# Exercise description
Using the data beneath, show every line that includes the word "Steel".
Top of Information
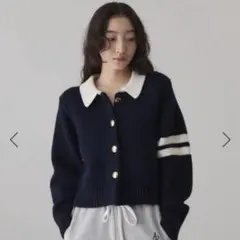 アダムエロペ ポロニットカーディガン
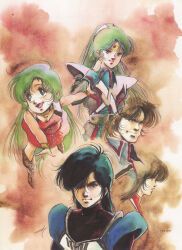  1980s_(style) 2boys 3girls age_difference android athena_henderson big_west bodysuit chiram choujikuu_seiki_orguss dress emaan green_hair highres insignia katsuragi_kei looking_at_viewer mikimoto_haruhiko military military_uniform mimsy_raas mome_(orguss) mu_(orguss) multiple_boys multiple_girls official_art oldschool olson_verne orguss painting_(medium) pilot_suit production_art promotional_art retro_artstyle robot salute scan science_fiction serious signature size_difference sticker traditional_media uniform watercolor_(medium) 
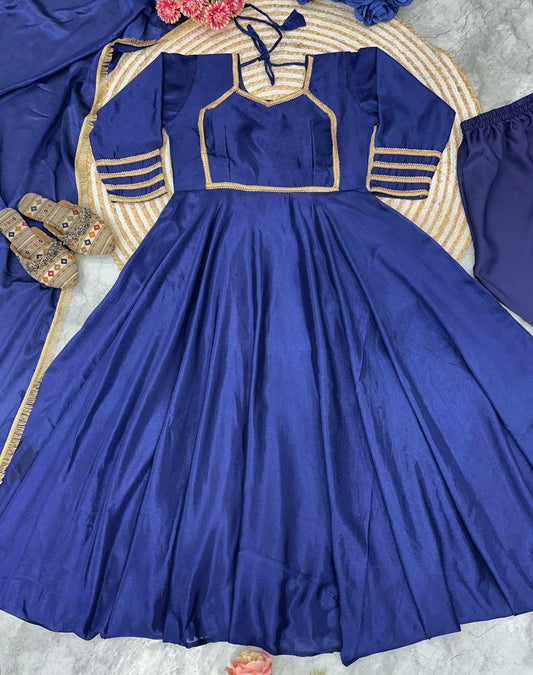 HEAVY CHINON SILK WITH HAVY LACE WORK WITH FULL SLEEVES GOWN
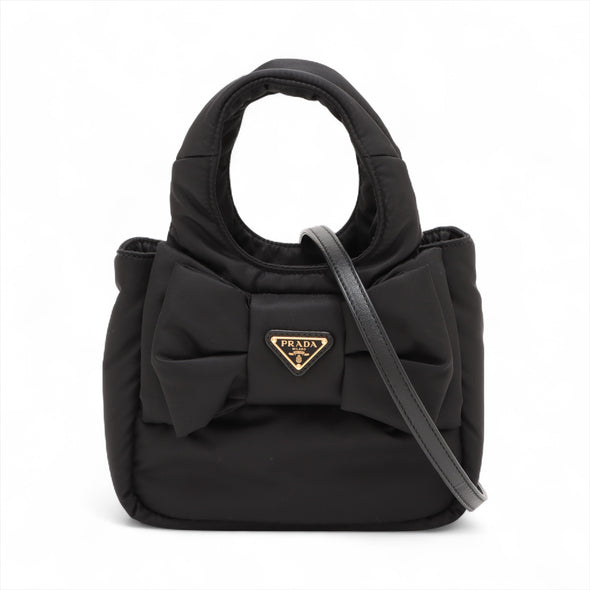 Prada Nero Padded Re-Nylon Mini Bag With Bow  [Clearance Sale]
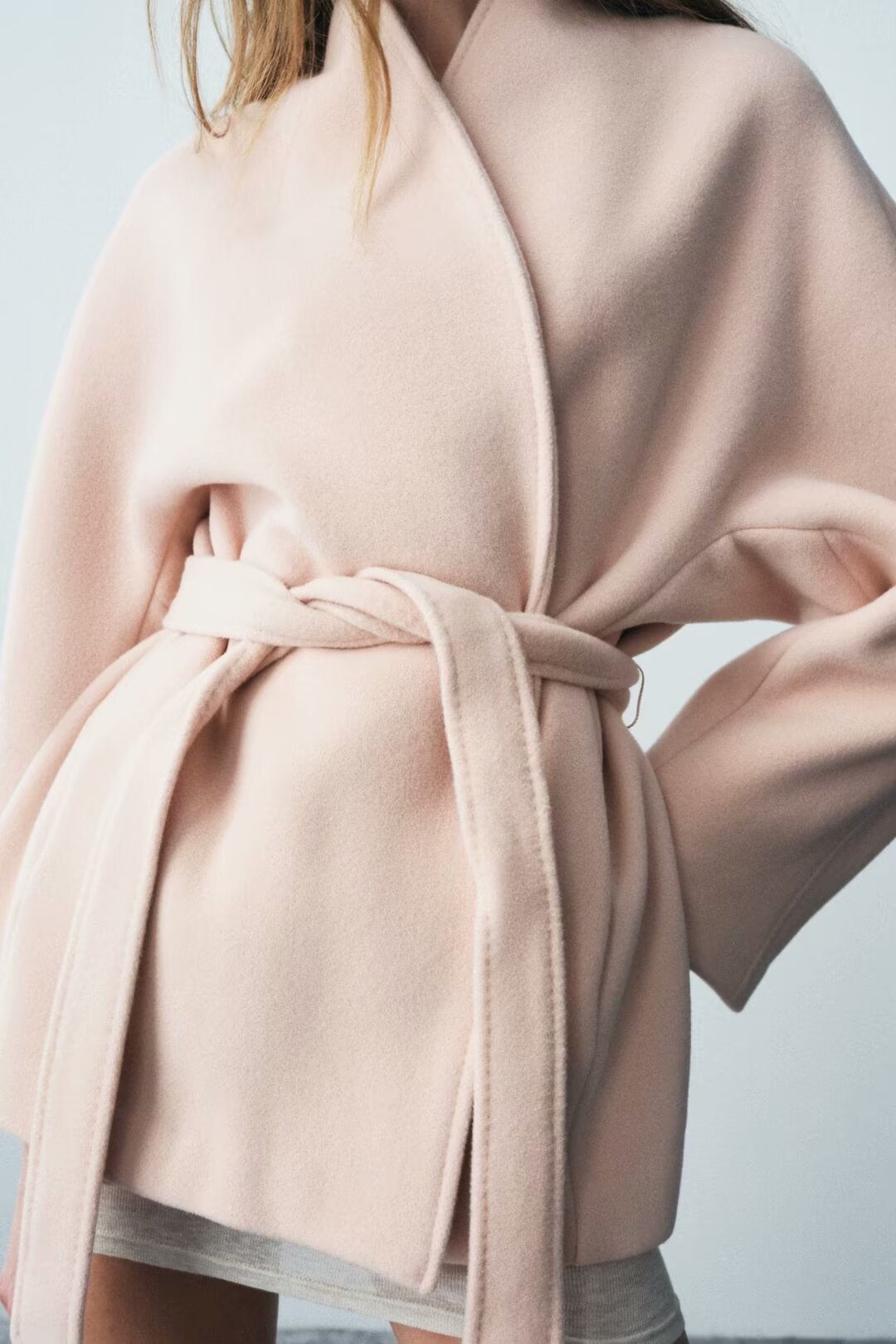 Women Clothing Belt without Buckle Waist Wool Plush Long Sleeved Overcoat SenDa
Bottom of Information
Top of Information
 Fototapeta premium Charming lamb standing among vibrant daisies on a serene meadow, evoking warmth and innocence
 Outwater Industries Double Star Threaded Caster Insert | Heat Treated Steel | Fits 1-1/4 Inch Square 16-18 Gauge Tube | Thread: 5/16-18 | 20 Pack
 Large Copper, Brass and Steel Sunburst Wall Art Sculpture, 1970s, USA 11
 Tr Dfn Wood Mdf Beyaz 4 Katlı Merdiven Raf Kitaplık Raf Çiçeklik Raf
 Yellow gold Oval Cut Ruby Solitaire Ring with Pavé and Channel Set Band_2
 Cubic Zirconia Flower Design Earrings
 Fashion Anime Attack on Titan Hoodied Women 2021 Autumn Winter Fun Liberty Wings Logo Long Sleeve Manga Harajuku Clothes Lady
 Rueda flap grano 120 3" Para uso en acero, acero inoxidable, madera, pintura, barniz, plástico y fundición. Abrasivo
Bottom of Information
Top of Information
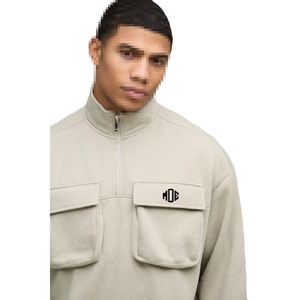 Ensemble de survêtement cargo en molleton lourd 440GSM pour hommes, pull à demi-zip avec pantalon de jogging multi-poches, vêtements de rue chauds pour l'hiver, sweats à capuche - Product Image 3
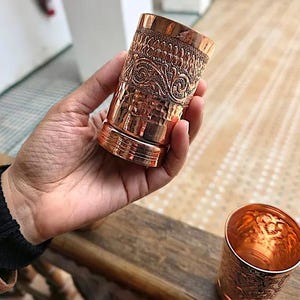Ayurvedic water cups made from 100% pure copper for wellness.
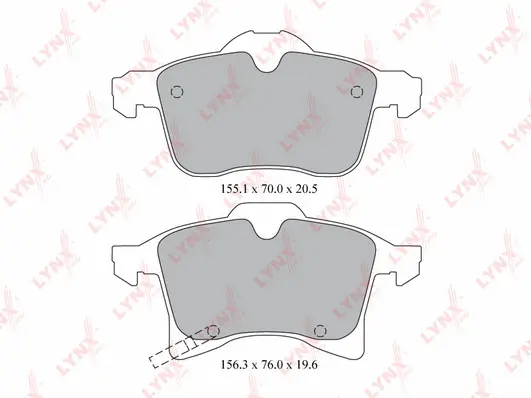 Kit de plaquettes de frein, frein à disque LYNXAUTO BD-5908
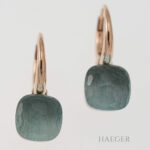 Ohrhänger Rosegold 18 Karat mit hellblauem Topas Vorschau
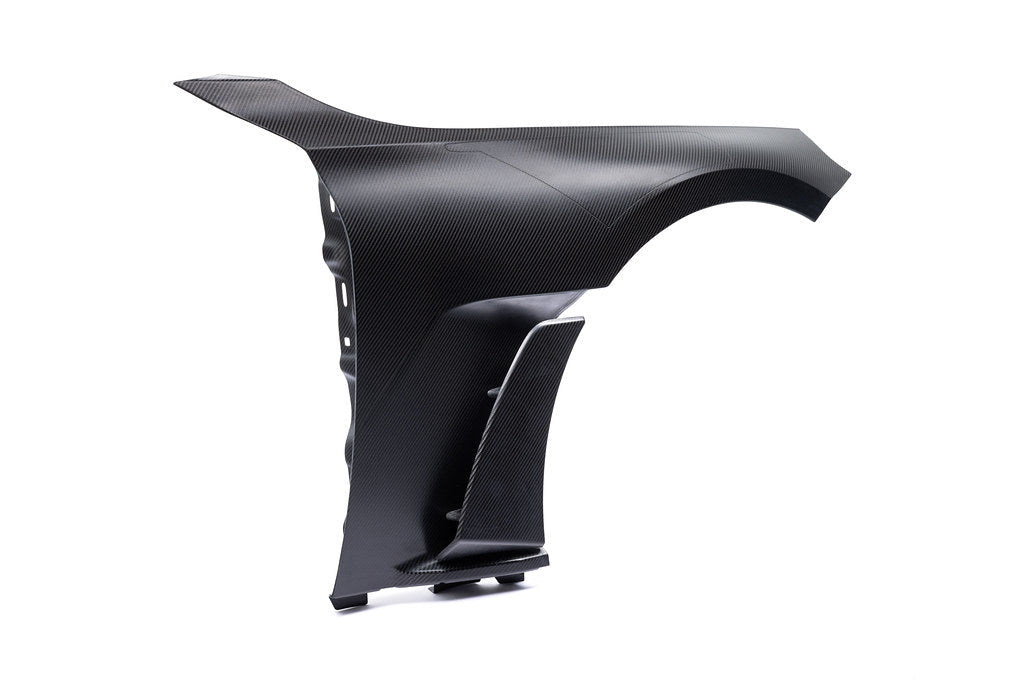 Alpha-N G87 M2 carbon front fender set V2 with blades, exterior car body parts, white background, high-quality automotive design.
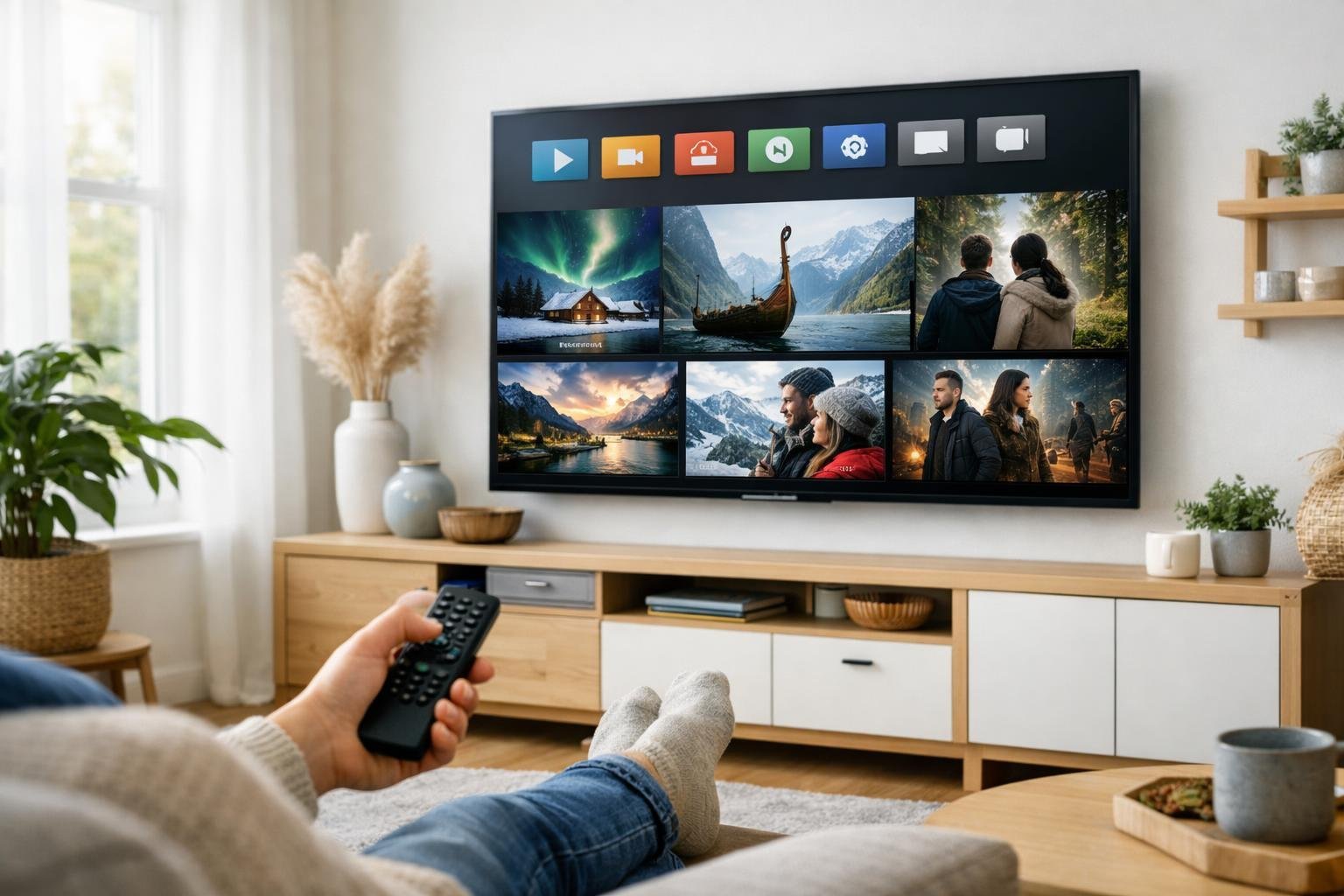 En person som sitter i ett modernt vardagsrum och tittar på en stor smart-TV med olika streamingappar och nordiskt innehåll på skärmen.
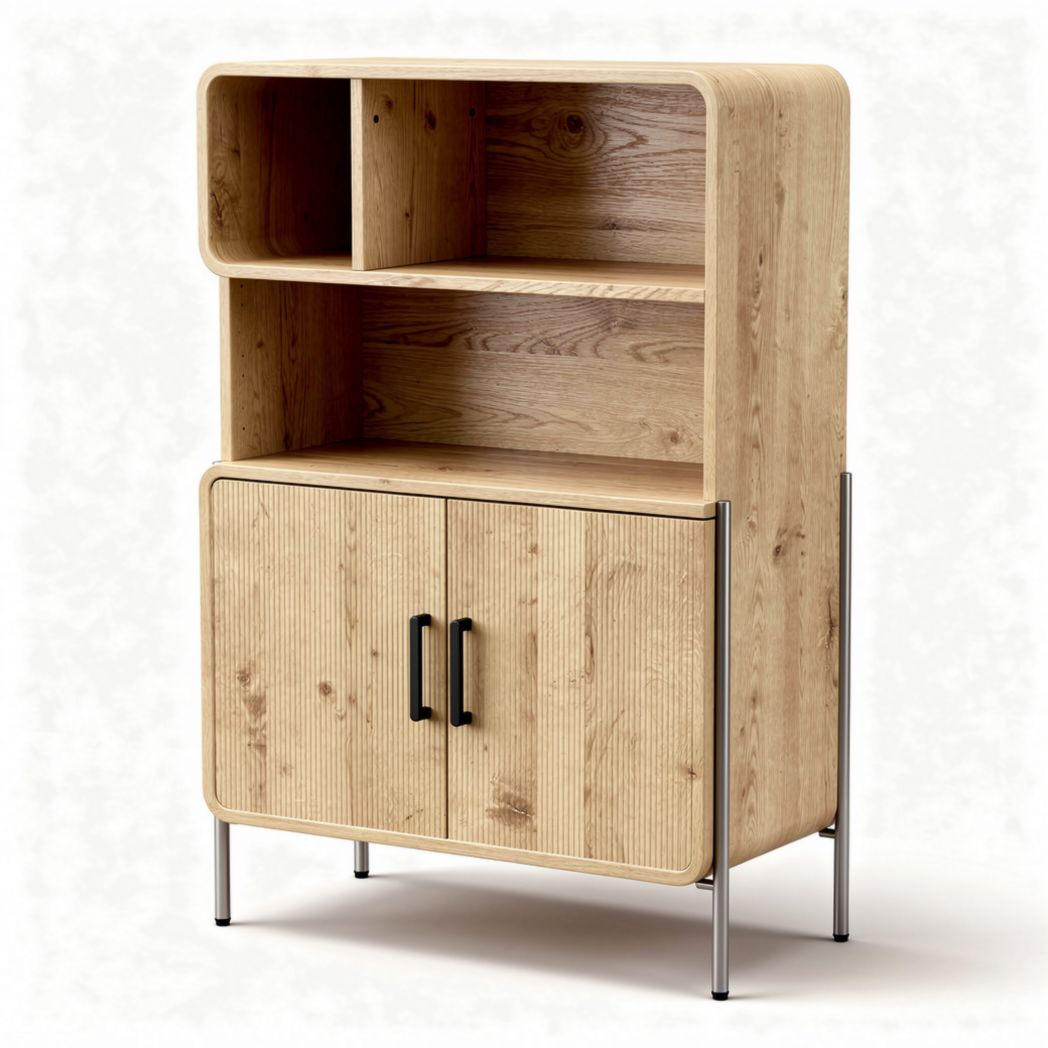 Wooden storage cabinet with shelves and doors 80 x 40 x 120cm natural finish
Bottom of Information
# Task result
 Outwater Industries Double Star Threaded Caster Insert | Heat Treated Steel | Fits 1-1/4 Inch Square 16-18 Gauge Tube | Thread: 5/16-18 | 20 Pack
 Large Copper, Brass and Steel Sunburst Wall Art Sculpture, 1970s, USA 11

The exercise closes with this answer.